The reply should be an exact repeat of the listing, with no pictures in it.
==================================================
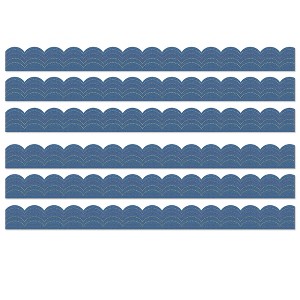 Carson Dellosa Education Crafty and Cool Denim Scalloped Bulletin Board Borders, 39 Feet Per Pack, 6 Packs - 1 of 2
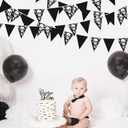 2 x 32Ft Black White Halloween Party Decorations Skull Fabric Pennant Pirate Banner Triangle Flag Bunting Garland Streamers for Halloween Pirate Birthday Jolly Roger Wedding Home Outdoor Party Supplies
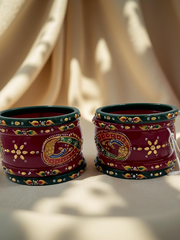 Hand-Painted Masterpiece: 22K Gold Fancy Chuda Bangle Set (10-Piece)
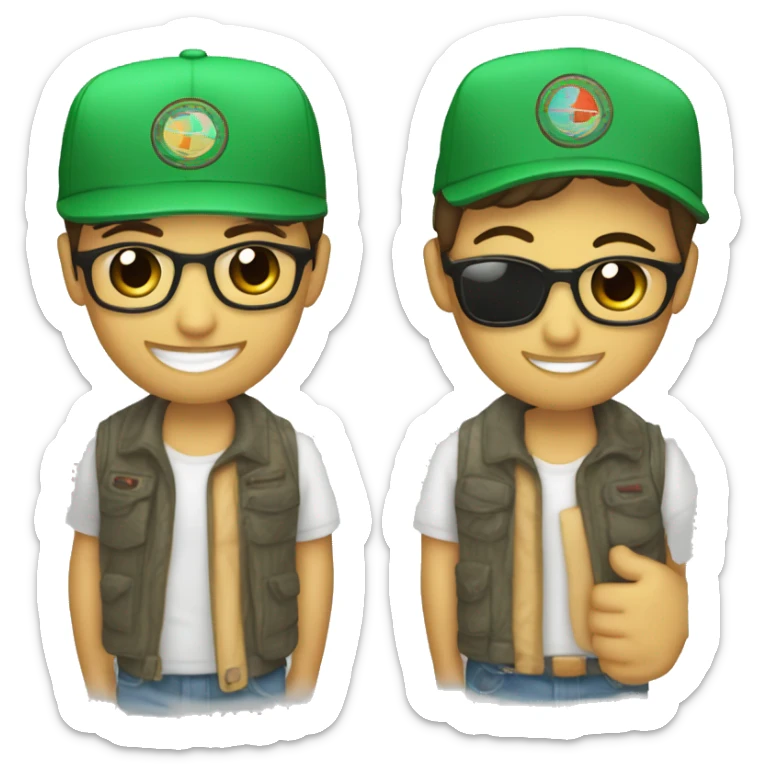 Un emoji chivi que tenga una gorra que le cubra toda la cara que la gorra sea verde muy clarísima Y que tenga un pañuelo abajo que tenga una Mancha roja Y que por todo tenga negro sticker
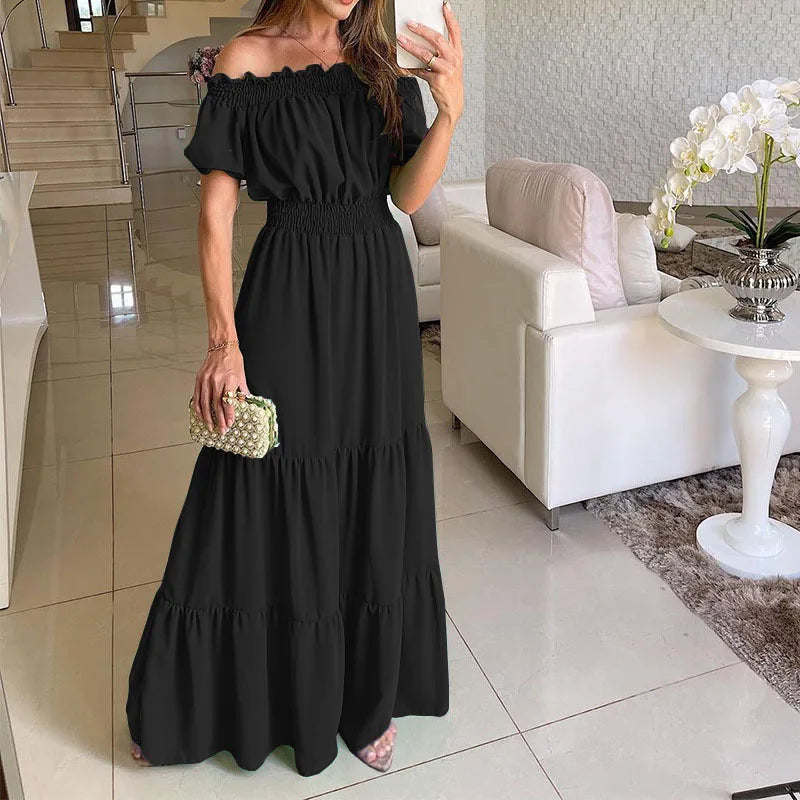 Summer Sexy Off Shoulder Slash Neck Ruffle Beach Party Dress Elegant Women Fashion Red Lace-up Pleated Holiday Long Dresses Robe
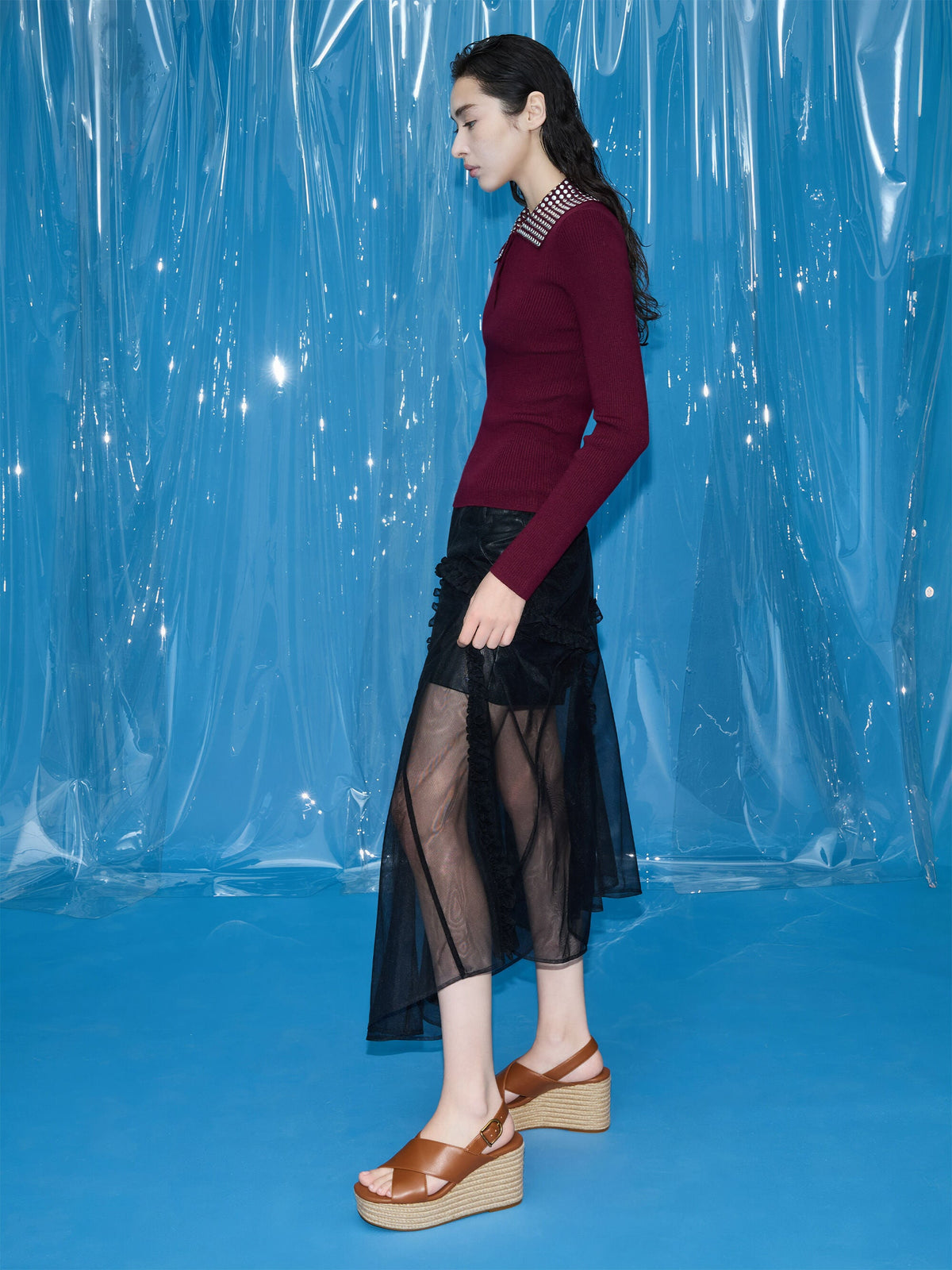 CHARLES & KEITH Classic | Crossover Espadrille Wedges - Brown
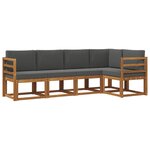vidaXL Ensemble de canapés d'extérieur 5 pc Naturel et Anthracite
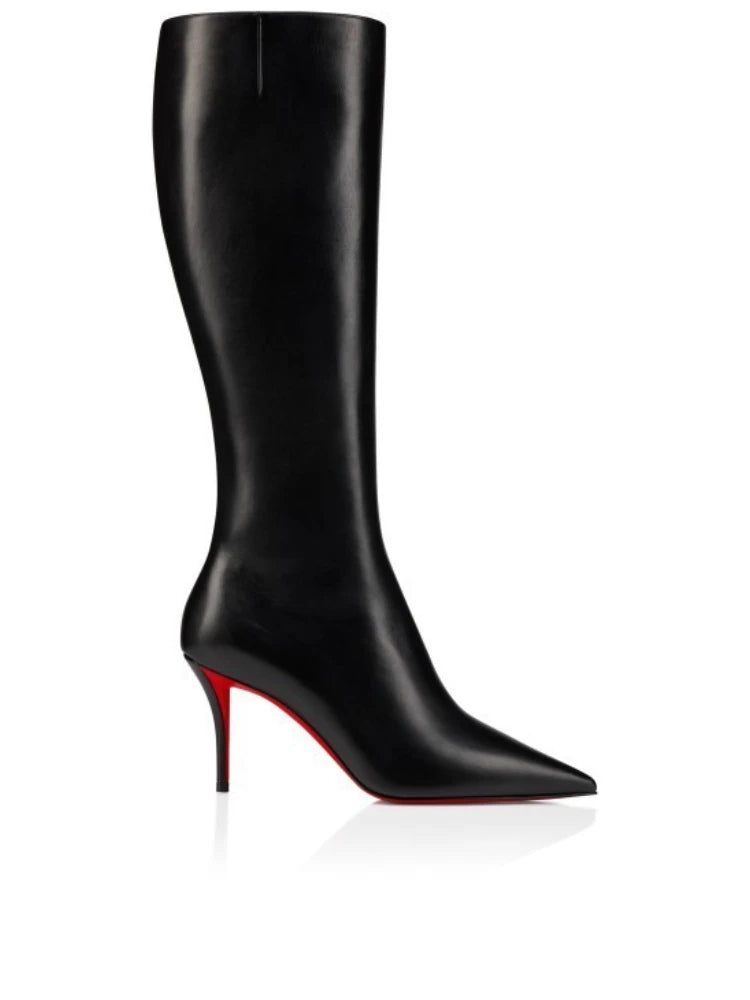 Leopard Print Knee High Boots With Zipper for Women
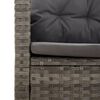 vidaXL 4-tlg. Garten-Lounge-Set mit Kissen Grau Poly Rattan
==================================================
__RESPONSE TO THIS TASK__
 Carson Dellosa Education Crafty and Cool Denim Scalloped Bulletin Board Borders, 39 Feet Per Pack, 6 Packs - 1 of 2
 2 x 32Ft Black White Halloween Party Decorations Skull Fabric Pennant Pirate Banner Triangle Flag Bunting Garland Streamers for Halloween Pirate Birthday Jolly Roger Wedding Home Outdoor Party Supplies
 Hand-Painted Masterpiece: 22K Gold Fancy Chuda Bangle Set (10-Piece)
 Un emoji chivi que tenga una gorra que le cubra toda la cara que la gorra sea verde muy clarísima Y que tenga un pañuelo abajo que tenga una Mancha roja Y que por todo tenga negro sticker
 Summer Sexy Off Shoulder Slash Neck Ruffle Beach Party Dress Elegant Women Fashion Red Lace-up Pleated Holiday Long Dresses Robe
 CHARLES & KEITH Classic | Crossover Espadrille Wedges - Brown
vidaXL Ensemble de canapés d'extérieur 5 pc Naturel et Anthracite
 Leopard Print Knee High Boots With Zipper for Women
 vidaXL 4-tlg. Garten-Lounge-Set mit Kissen Grau Poly Rattan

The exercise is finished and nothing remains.